Play Your Own Advanced Guitar Licks With These Guitar Phrasing Tips
As a guitarist learning to improvise your own blues guitar solos, you’ll usually start out learning scales or guitar licks. It’s normal to start with playing just scale fragments, but most guitarists have a hard time breaking out of sounding like they are playing a scale exercise or are rambling off a bunch of guitar licks. The first step to take in developing more advanced guitar licks is to learn about the topic of ‘guitar phrasing’.
Tell A Story With Your Guitar
Phrasing refers to the manner in which we play something. Some guitarists play endless solos without transferring something significantly, others play solos which are very evocative and in which every phrase they play is a part of the ‘big picture’. To tell a story with your guitar is something you need to learn. The following exercises will help you on the way to write/improvise better solos.
A good guitar solo is usually full of catchy melodies. However, if you start playing guitar yourself, there is a big chance that you will pay little to no attention to the way in which you play these phrases. Regard every lick you play as a separate phrase, which is part of the whole story you want to tell with your solo. It is important to make up your mind about the story you want to tell, and the feelings you want to transfer by playing your solo.
Sing Along To Your Guitar Licks
In blues the phrases in solos will mostly be very short. Think about the way a saxophonist plays his solos. That is why we will act as if we are playing a wind instrument instead of a guitar. Sing or hum the melodies which you are creating while you are improvising. If you notice that you have trouble breathing, then that’s a sign to shorten your phrases.
Differentiating Rhythmic Patterns
One of the most important things to create interest in your solos is the playing with differentiating rhythmic patterns. The most important division of all which we can make is the one between rhythms which can be divided by two and rhythms which can be divided by three. In this exercise we will learn to alternate the two. Improvise a solo where you alternate the rhythm which you use in your licks with quavers (2 notes per beat) and triplets (3 notes per beat).

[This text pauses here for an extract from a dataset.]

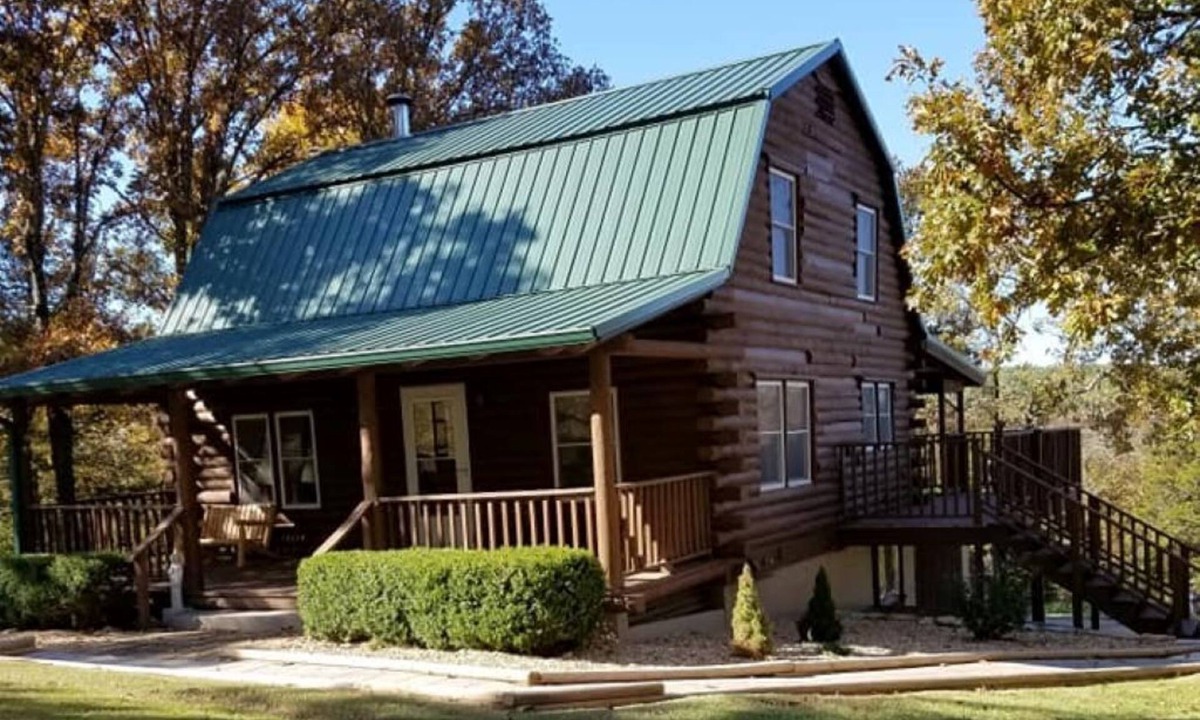 Mountain Home Cabin | Authentic Log Cabin in the Southern Ozark Mountains with hot tub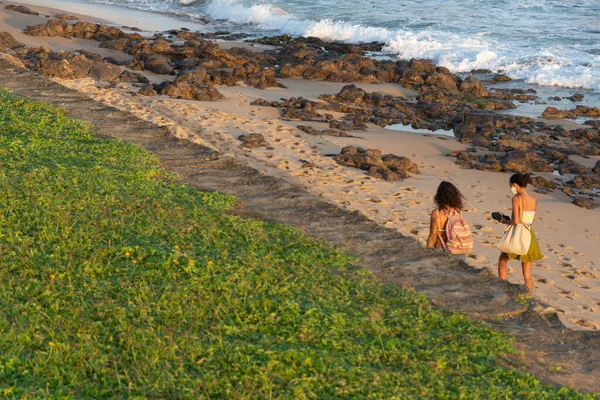 Salvador Bahia Brazilië September 2021 Twee Vrouwen Lopen Het Zand — Stockfoto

Build Tension in Your Guitar Solos
It takes quite some skill to be able to build up tension in solos, to grasp the attention and interest of your listeners. There are many aspects which we can use to build up tension in solos, among which are the exact pitch of the notes which we play. The climax of a solo will almost always be at the point where you reach the highest note.
Even before you start playing the solo, you will try to distinguish at which point in the solo you want to hit the climax. Will the climax be halfway through the solo? At 60% of the solo or more towards the end at 90%? Once you have decided you will try to hit it by playing the highest note at that point.